4. Commutations and Loss
Settlements; Right of Approval.
(a) Indemnitee
shall allocate amounts paid under any commutation agreement (or an amendment to
a commutation agreement) or loss settlement relating to a Specified Reinsurance
Agreement in good faith, consistent with past practice and the terms of this
Agreement and in accordance with recorded liabilities as of the date of such
commutation.
(b) Indemnitee
shall provide written notice to Indemnitor within thirty (30) days after
Indemnitee enters into any commutation agreement (or an amendment to a
commutation agreement) or loss settlement relating to a Specified Reinsurance
Agreement. The notice shall (i) provide the amounts allocated to the
WC Policies and each other type of policy subject to the commutation agreement
(or amendment thereof) or loss settlement relating to the Specified Reinsurance
Agreement, and (ii) explain in reasonable detail the methodology used by
Indemnitee to determine such allocations.

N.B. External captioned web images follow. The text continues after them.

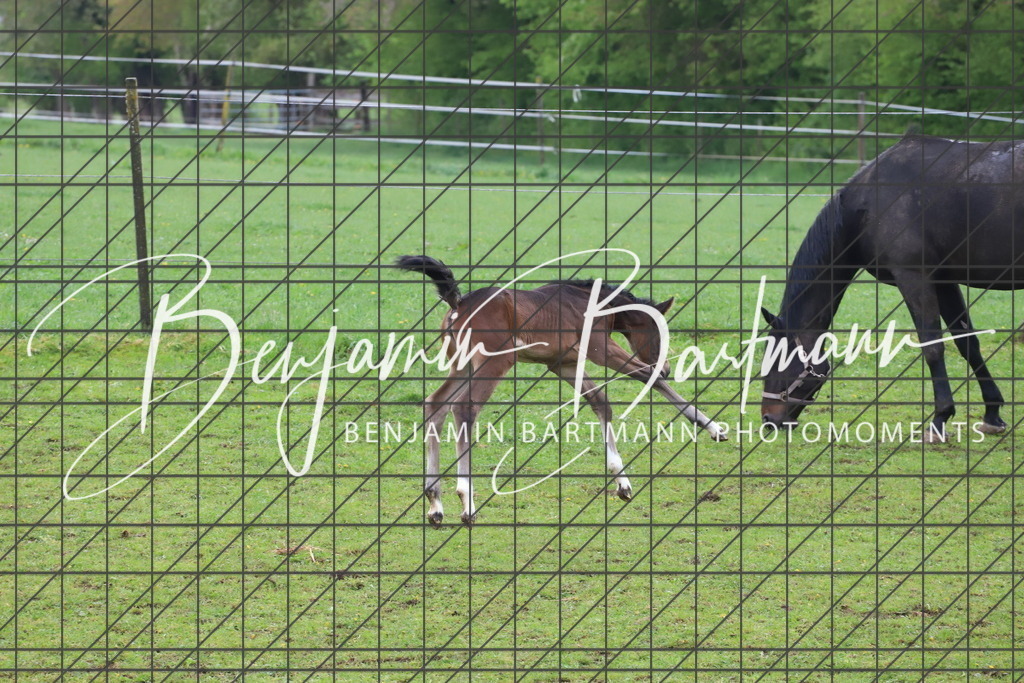 IMG_4333 | Benjamin Bartmann Photomoments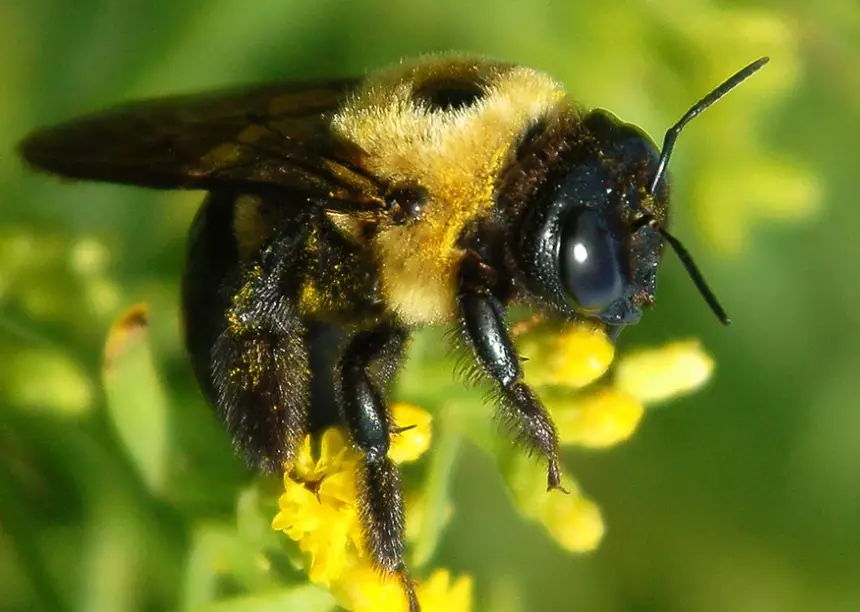 carpenter bee damage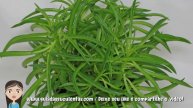 Peperomia Ferreyrae: Um Guia Completo Desta Planta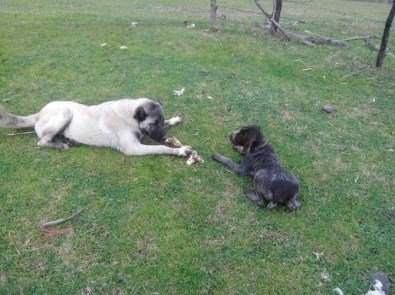 Samsun'da 6 Cins Köpek Zehirlendi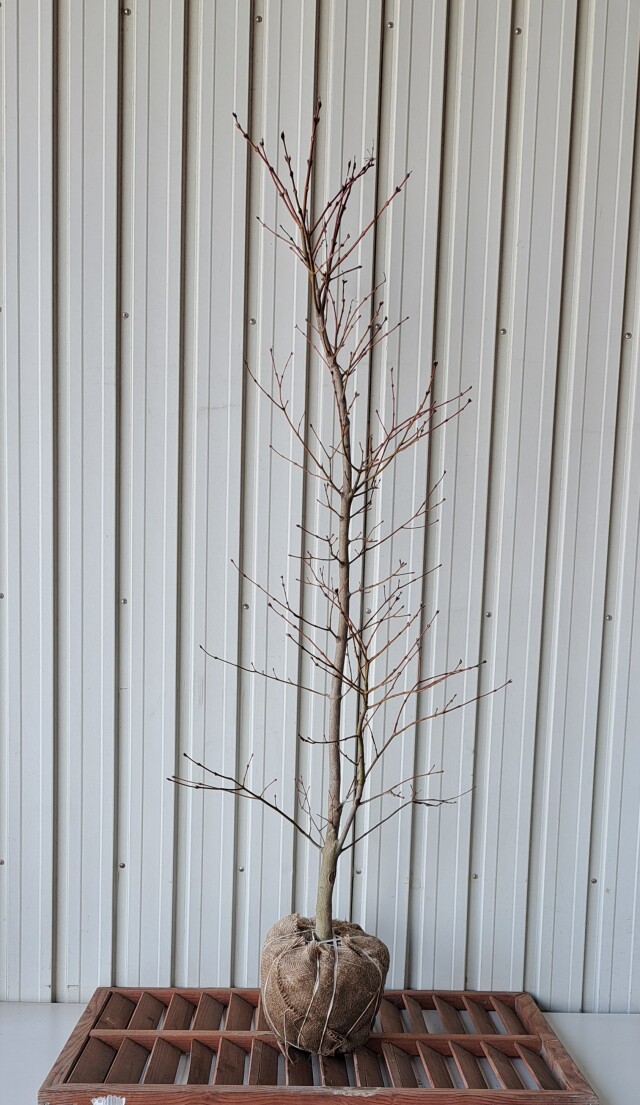 ハウチワカエデ　はうちわかえで　植木組合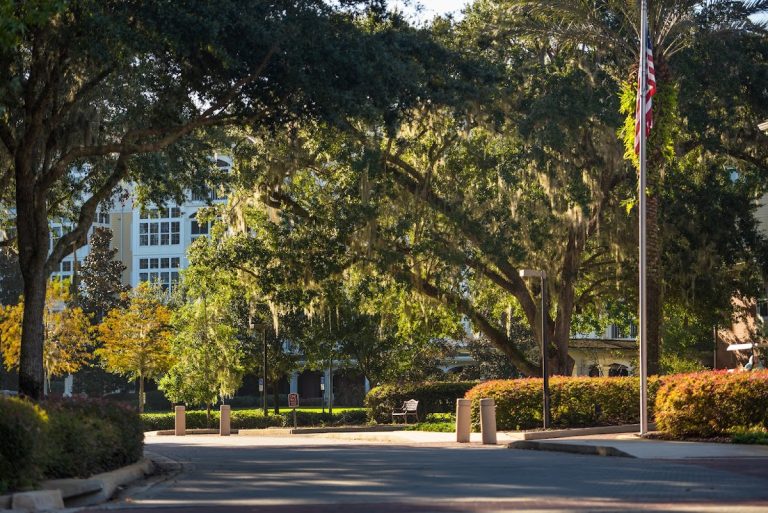 oak hammock at the university of florida p3 768x513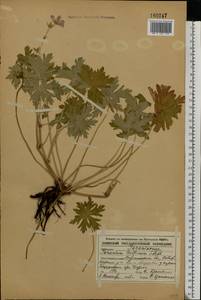 Geranium collinum Stephan ex Willd., Eastern Europe, Central forest-and-steppe region (E6) (Russia)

Indemnitor shall have the
right to approve or disapprove the allocation of loss payments to the underlying
agreements or policies with respect to all commutation agreements (or amendments
to commutation agreements) and all loss settlements relating to the Specified
Reinsurance Agreements; provided, that Indemnitor shall not unreasonably
disapprove any such allocation. Any dispute regarding the allocation of payments
shall be resolved in accordance with Section 4(c) of this
Agreement.
(c) Upon
request of Indemnitor, Indemnitee shall (i) submit all commutation agreements,
amendments and loss settlements to Indemnitor and (ii) cooperate and assist
Indemnitor in its review of such agreements, amendments and loss settlements,
including permitting Indemnitor to examine and audit Indemnitee’s books,
records, documents and information concerning all matters relating to the
agreement, amendment or loss settlement relating to a Specified Reinsurance
Agreement and providing Indemnitor and its representatives with access to
pertinent personnel. If Indemnitor disapproves any allocation with
respect to a commutation agreement (or amendment thereof) or loss settlement
relating to a Specified
Reinsurance
Agreement, the parties shall attempt to resolve the dispute informally through
one or more meetings (in person or telephonically) of appropriate personnel of
the parties. If the parties are unable to resolve such matters after
attempting such informal dispute resolution within sixty (60) days of
Indemnitor’s notice to Indemnitee of such dispute, the parties agree to submit
documentation supporting the allocation to a mutually agreed-upon actuary (the
“Independent
Actuary”) to determine the appropriate allocation. Either
party may seek specific performance or other injunctive relief to enforce this
term of the Agreement, including the selection of the Independent
Actuary. Such allocation, as determined by the Independent Actuary,
shall be binding for the purposes of this Agreement.
5. Conduct of Business;
Reporting.
(a) Indemnitee
covenants that it will use its reasonable efforts to operate its business and
conduct its affairs with respect to the Specified Reinsurance Agreements in good
faith and in a commercially reasonable manner and at all times in
compliance with all applicable laws, rules, regulations, orders and
directives.
(b) Indemnitee
shall furnish to Indemnitor on an annual basis, within ninety (90) days
following the end of each calendar year, a schedule (in reasonable detail)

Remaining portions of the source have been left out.